[T]he prestigious Institute of Medicine has put a number on just how many people have "limited health literacy" -- a surprising 90 million adults.This is not exactly news to me. As a specialist in behavioral medicine, I spend a lot of time translating medical information into - not just plain English, but simple, concrete, and vivid English. A full third of my clients have less than an eighth grade education, and most of them have only the haziest understanding of their disease process.
They have problems following instructions on drug labels, interpreting hospital consent forms, even understanding a doctor's diagnosis and instructions.
It's easy to put the blame on doctors for their overreliance on medical jargon. But putting complex medical information into simple terms is a lot harder than it looks. Even professionally produced patient education materials often do a bad job of it. We have all kinds of educational pamphlets and comic books in our clinic, but I rarely use them.
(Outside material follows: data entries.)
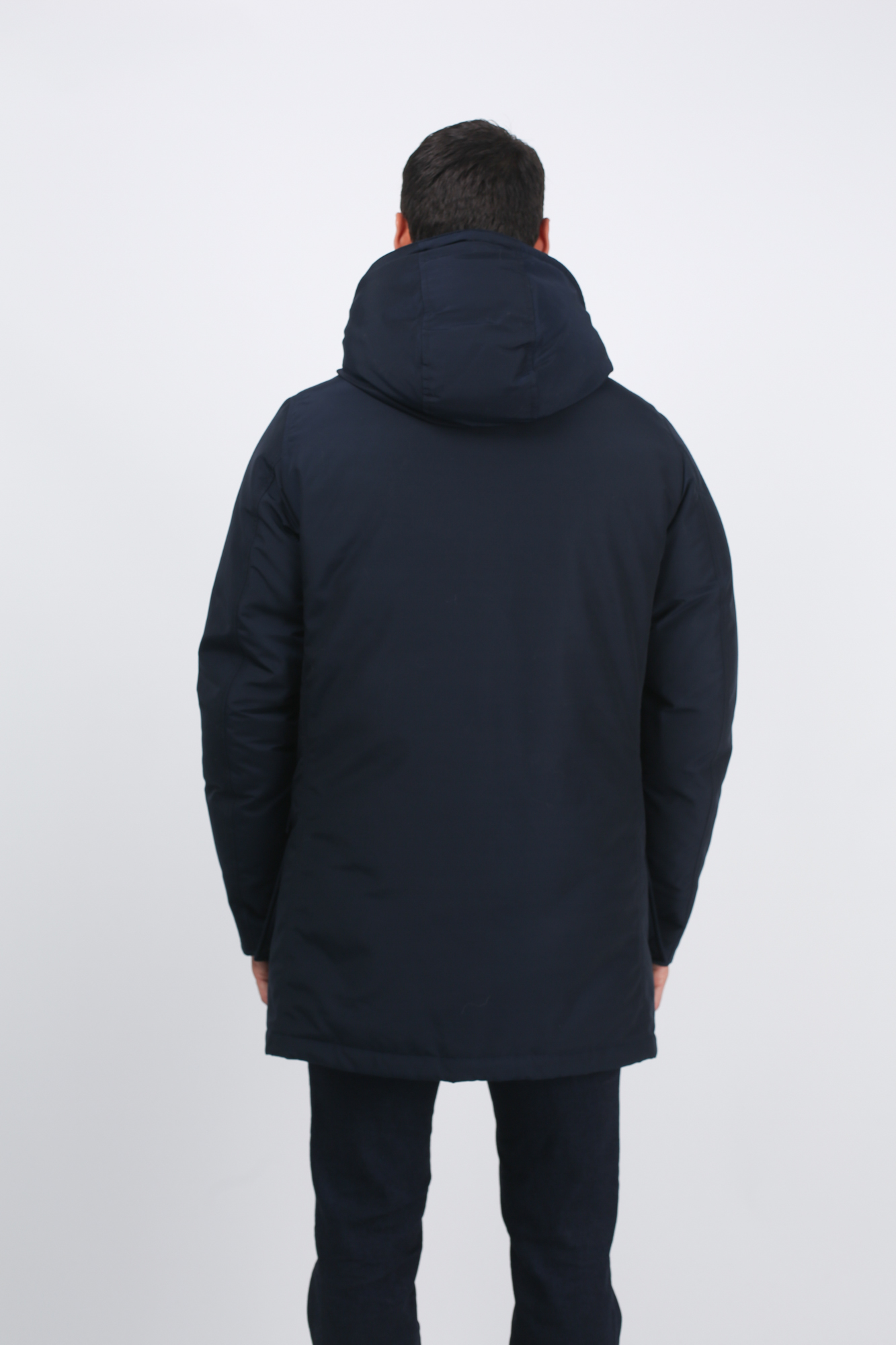 PARKA WOOLRICH MARINE WOCPS2476NF-MLB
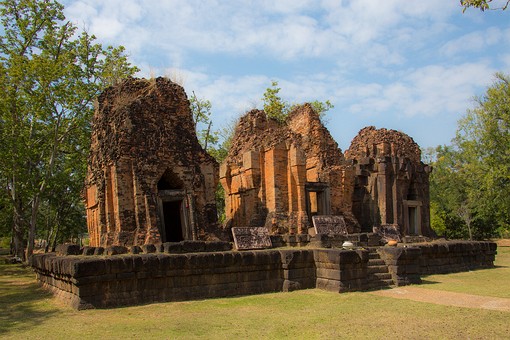 N1223189 - Prasat Prang Ku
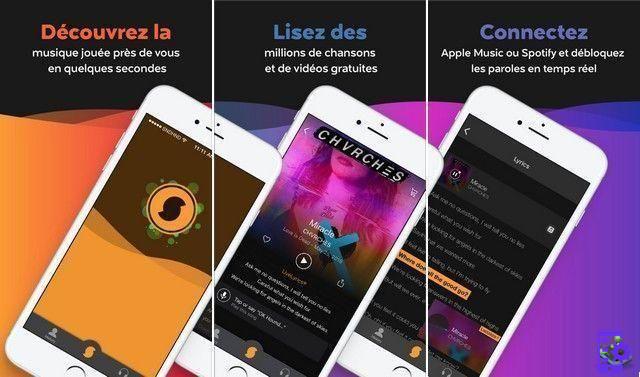 Le migliori alternative a Shazam per iPhone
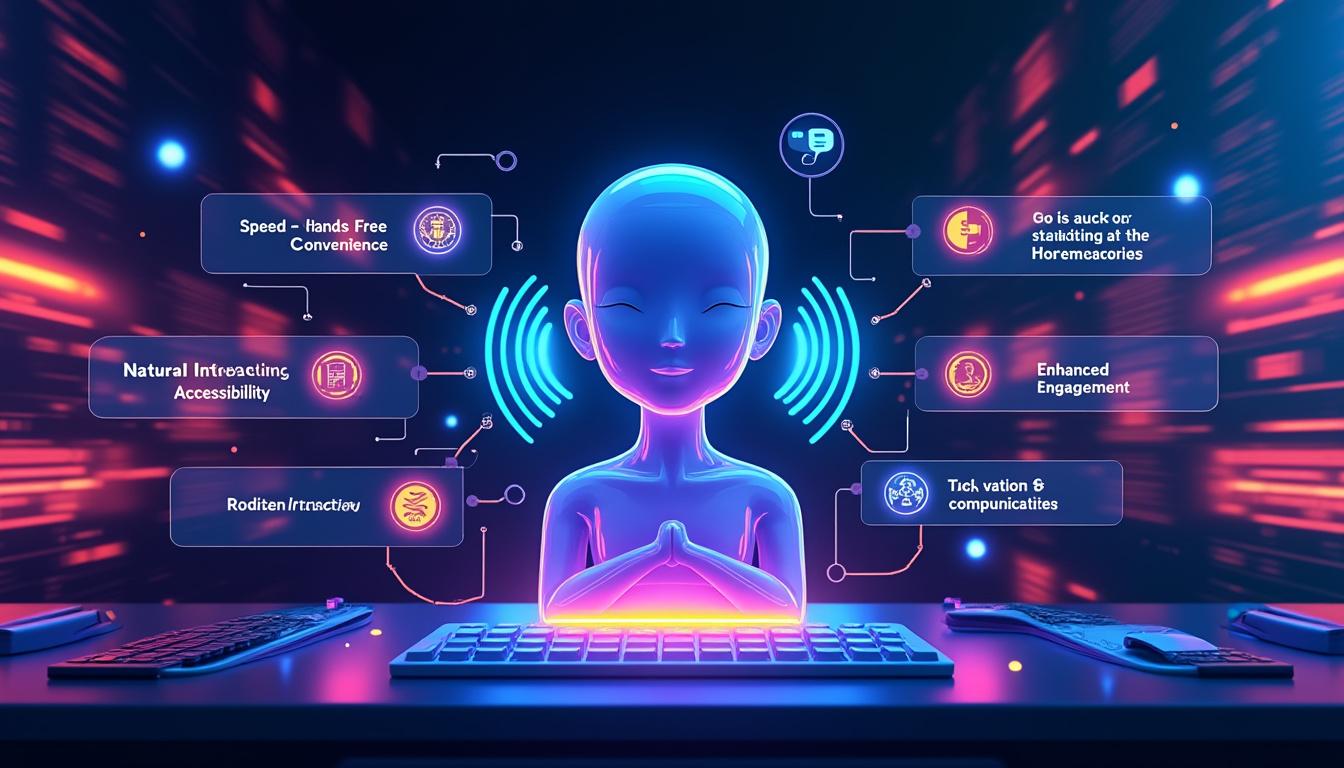 découvrez les 7 avantages du mode vocal de chatgpt qui le rendent supérieur à la saisie au clavier. gagnez en efficacité, confort et créativité dans vos interactions grâce à cette technologie innovante.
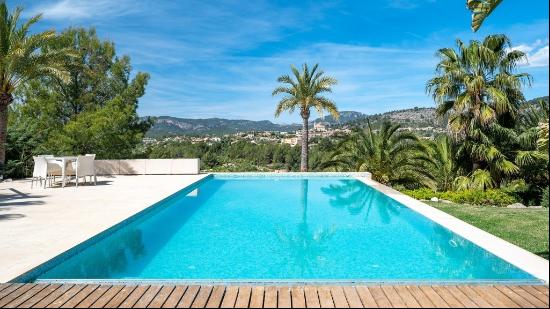 Contemporary design finca for sale close to the village of Calvi, Calvià 07184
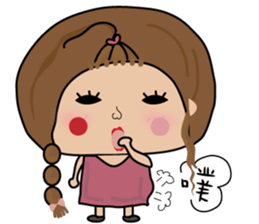 Fenfen twins sticker #10900659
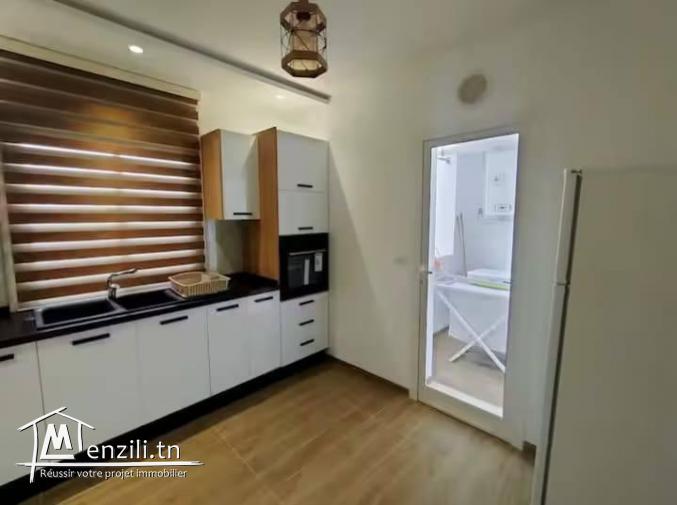 À VENDRE – S1 MEUBLÉ À SAHLOUL 4 | SOUSSE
Here's an example of why (warning: PDF file). It's a lovely, glossy, full-color, comic-style brochure that purports to teach basic facts about HIV by using analogies to everyday activities. Analogies are great - I use them all the time. But they're not so easy to come up with, and if you do a superficial job of it, you don't increase explanatory power at all. For example: here's how the brochure explains critical elements of HIV bloodwork:
"Just as this crossing guard directs the traffic at this busy city intersection, the CD4 cell is the part of the immune system that directs others to attack harmful things, like bacteria and germs, that enter the body every day...Just like your body tells you it's time to eat by making your stomach rumble, your viral load tells you and your doctor how well your HIV medication is working."Hoo, boy. Where to start. A crossing guard keeps traffic moving smoothly and safely, and attempts to prevent collisions. It's only a good analogy for CD4+ cells if you imagine the crossing guard directing cars to run down, say, escaped rabid dogs, or jaywalkers. But at least the second half of the analogy is a valid description of what CD4+ cells do, whereas the description of viral load misses the boat entirely. VL is the amount of HIV in the bloodstream. So, yeah, doctors can indirectly tell how well HIV medicines are working by looking at VL, but what it directly measures is how powerful and widespread HIV is in the body. The analogy implies that VL is irrelevant for patients who aren't on medicine. Worst of all, though, the two analogies don't link CD4+ count and VL together at all, so there's no concrete example of how they relate.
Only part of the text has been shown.